The wind picked up and combed through Sanada’s hair as he stood there, watching the freshman pick himself up and rush off to find Yukimura. Yanagi walked up beside Sanada. He had cut his hair last week. Niou and their senpais stopped making jokes about it in the showers. No, their jokes were entirely about height now. “Yukimura will win against him,” Yanagi said. “6-0- in fourteen minutes.”
Yanagi was always right, data man that he was. Except he was off by seventeen seconds when Sanada checked the stopwatch. If the kid had yelled over losing to Sanada, he went completely batshit when he lost to Yukimura, screaming and flapping and vowing he’d crush them all one day,that he’d be the number one at tennis even if it killed him.
Yukimura seemed to like him, this Kirihara Akaya. He let the freshman trail around him, into the weight room, into the regulars’ changing rooms. He played games with the kid and helped him with swings sometimes. The rest of the time Yukimura acted the way he did with everyone else, complaining about their form but not offering any corrections except “If you don’t drop your shoulder when you swing, it would serve you right if you got injured.”
It was at some point in the summer, maybe just before the regionals, that one morning, Sanada went to put his foot in his running shoe and it didn’t fit. Or rather, he managed to squish his foot into his shoe, but his big toe stuck out the end and he could barely walk.
His feet got big. Not big, but big. He tripped over everything. Kirihara laughed at him: “Maybe I should get your spot on the team, huh Sanada-senpai?” Sanada felt his blood boil so hard that he slapped Kirihara straight across his grinning mug and shouted “Tarundoru!”
It earned them both fifty laps. Sanada tripped over every second one.
And then, during the regionals, he got all gangly. His short, compact child’s body lengthened out into something hideously tall. If Sanada though he had it bad before with his feet, but these new arms and legs were a hundred times worse. He was lucky to make it through the regionals alive, having only played singles three once. It was some no-name school in Kanagawa and Sanada could have won with his eyes closed, usually. Now, he had to concentrate hard to make plays and not fall over his feet. He had to work to swing his racket the right way and keep the ball in the court. The State of Self-Actualization was a hopeless fantasy for him now.
Still, he did win 6-0, it just took a half hour.

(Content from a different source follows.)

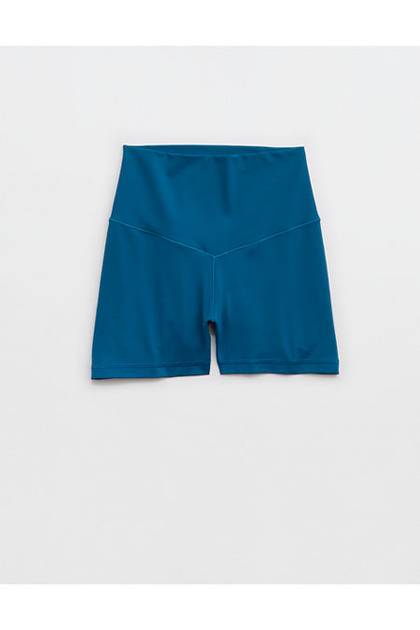 OFFLINE By Aerie Real Me XTRA High Waisted 3" Bike Short Twilight Blue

Sanada didn’t play again during the rest of the tournament. Yukimura and Yanagi alternated singles three. The captain must have taken pity on the kid with the arms like a gorilla, who swung them so awkwardly Sanada accidentally hit the coach in the eye.
That night, at home, still red-faced with embarrassment for his uncontrollable movements, Sanada swiped one of his brother’s ballcaps to hide under. He ate supper with his family, still hidden under the dark brim. His mother asked if he was all right.
“I’m fine,” Sanada said, but his voice cracked mid-sentence.
His brother laughed at him. His entire family did and his father patted Sanada’s shoulder, saying “You’re finally becoming a man, Genichirou.”
“It’s about time,” his brother said. “Oi- is that my hat?” He stole the hat back, but that evening their mother went out shopping and came back, handing Sanada a shopping bag in his bedroom.
Inside was a hat of his very own. Exactly the same with the white Jack Purcell logo on the front.
Sanada would have thanked her, but his throat was scratchy and he knew that saying anything would be mortifying if his voice squeaked. Instead, he grunted and bowed his head. He was taller than his mother now, but it didn’t stop her from ruffling his hair.
Nights were the worst. His legs hurt- his knees utterly ache and his back throbbed. Without tennis or schoolwork to distract his mind, the growing pains pierced his body will dull constant aching. Sanada could never get comfortable- he’d flip and flop, but it would only get worse. He lay awake half-asleep most nights, wishing he could nod off, wishing he could have an escape from this weird new body for at least a few hours of peace in a day.
Hormones struck that summer.
The warm summer nights meant that all the windows in his home were cranked open full, since they had no air conditioning. Sanada placed a fan at the foot of his bed, drifting into a state of semi-consciousness after a long evening of tennis practice. Shards of pain poked through his knee now and then, preventing full sleep, but he still managed to dream sometimes. Sanada could never remember quite what they were about, except that they would all inevitably leave him with sticky pajamas in the morning and the panic of oh god, did I piss the bed?!?
Awkward conversation with Yanagi, with his face hidden under his cap and Yanagi managing to turn just as red, and Sanada learned that no, it wasn’t piss and yes, these new feelings between his legs were probably normal.
“Don’t you…?” Sanada muttered.
“Aa, not yet,” Yanagi said under his breath. “Soon enough, I would imagine, judging from my last height measurement.”
The lack of sleep and pains in his legs and back made Sanada miserable during the day, miserable in general. He snapped at Kirihara when the kid would show up on his court and want to play. “Go away. Go practice with Niou!” Sanada growled. His arm was sore that day and the ball machine was going horribly. He wanted to wallow in his own puberty-induced misery by himself.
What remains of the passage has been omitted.